→ **EXERCISE AIM**: Copy only what lies from the line containing "This new Little" through the line containing "Four-wheel drive, anti-lock" in the entries below, keeping both end lines exact and dropping every picture.

→ **RECORD SET**:
##############################
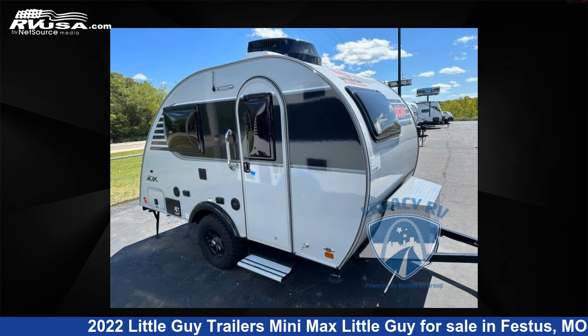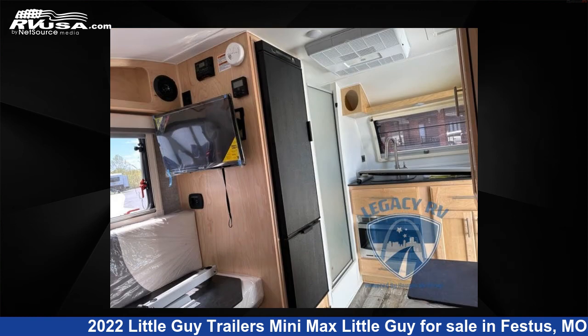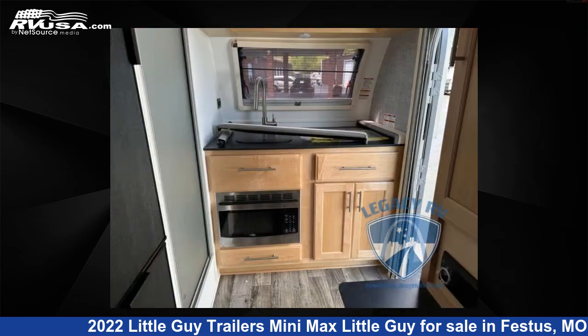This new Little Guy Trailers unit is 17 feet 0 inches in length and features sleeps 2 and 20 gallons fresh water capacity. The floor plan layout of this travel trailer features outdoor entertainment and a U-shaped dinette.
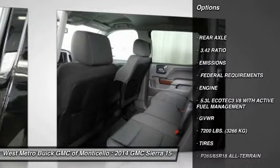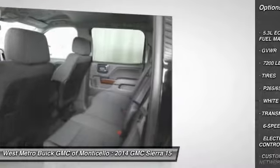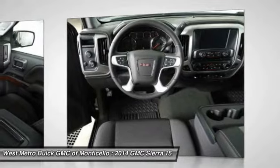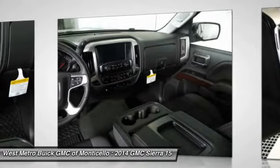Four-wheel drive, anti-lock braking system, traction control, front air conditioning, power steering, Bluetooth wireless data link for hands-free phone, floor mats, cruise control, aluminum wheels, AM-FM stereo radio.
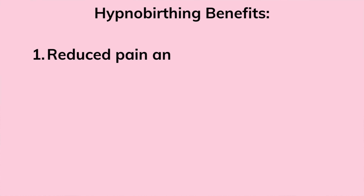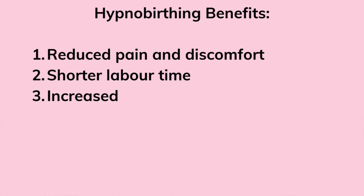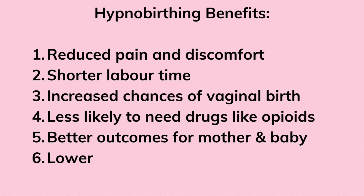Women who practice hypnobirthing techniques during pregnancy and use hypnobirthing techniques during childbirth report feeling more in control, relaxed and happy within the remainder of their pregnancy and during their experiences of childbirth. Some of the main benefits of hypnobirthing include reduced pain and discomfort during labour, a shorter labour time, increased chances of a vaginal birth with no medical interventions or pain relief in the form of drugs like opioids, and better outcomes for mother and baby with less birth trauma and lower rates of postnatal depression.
##############################
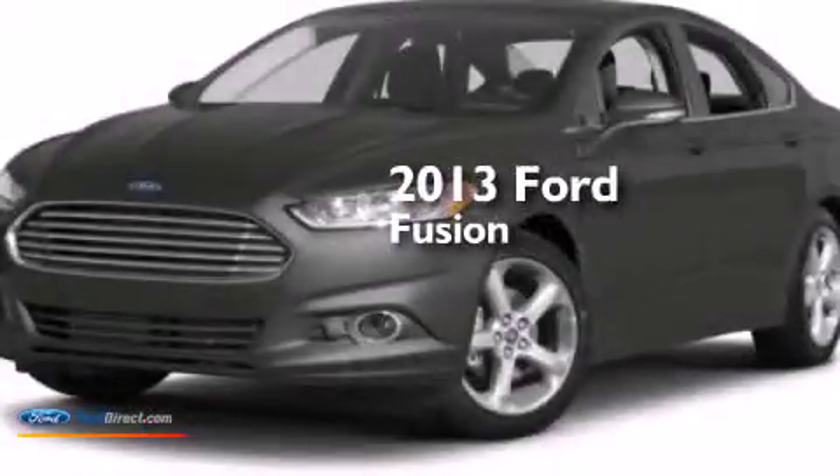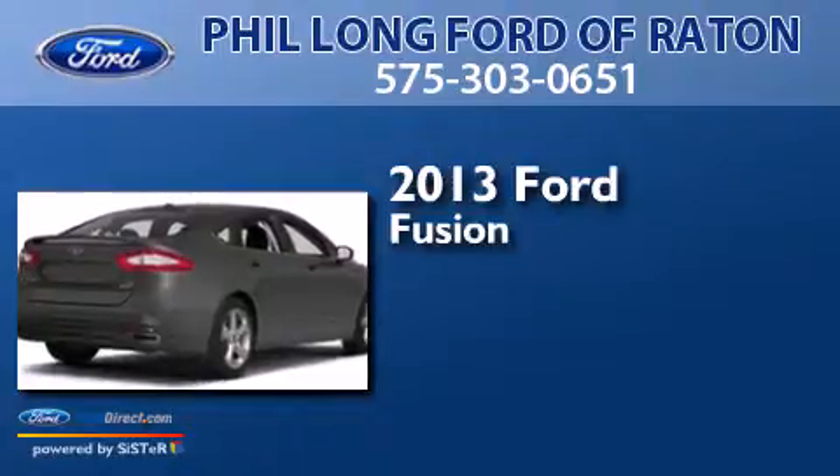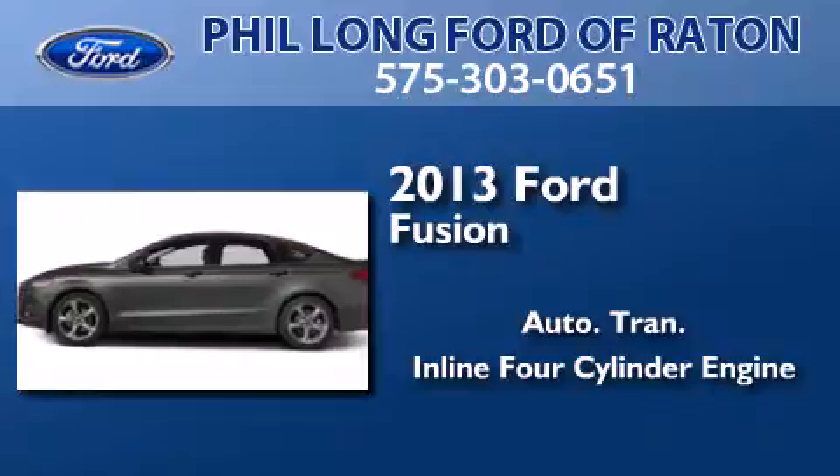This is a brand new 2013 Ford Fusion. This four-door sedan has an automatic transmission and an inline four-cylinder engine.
##############################
→ **RESPONSE**:
This new Little Guy Trailers unit is 17 feet 0 inches in length and features sleeps 2 and 20 gallons fresh water capacity. The floor plan layout of this travel trailer features outdoor entertainment and a U-shaped dinette.
Four-wheel drive, anti-lock braking system, traction control, front air conditioning, power steering, Bluetooth wireless data link for hands-free phone, floor mats, cruise control, aluminum wheels, AM-FM stereo radio.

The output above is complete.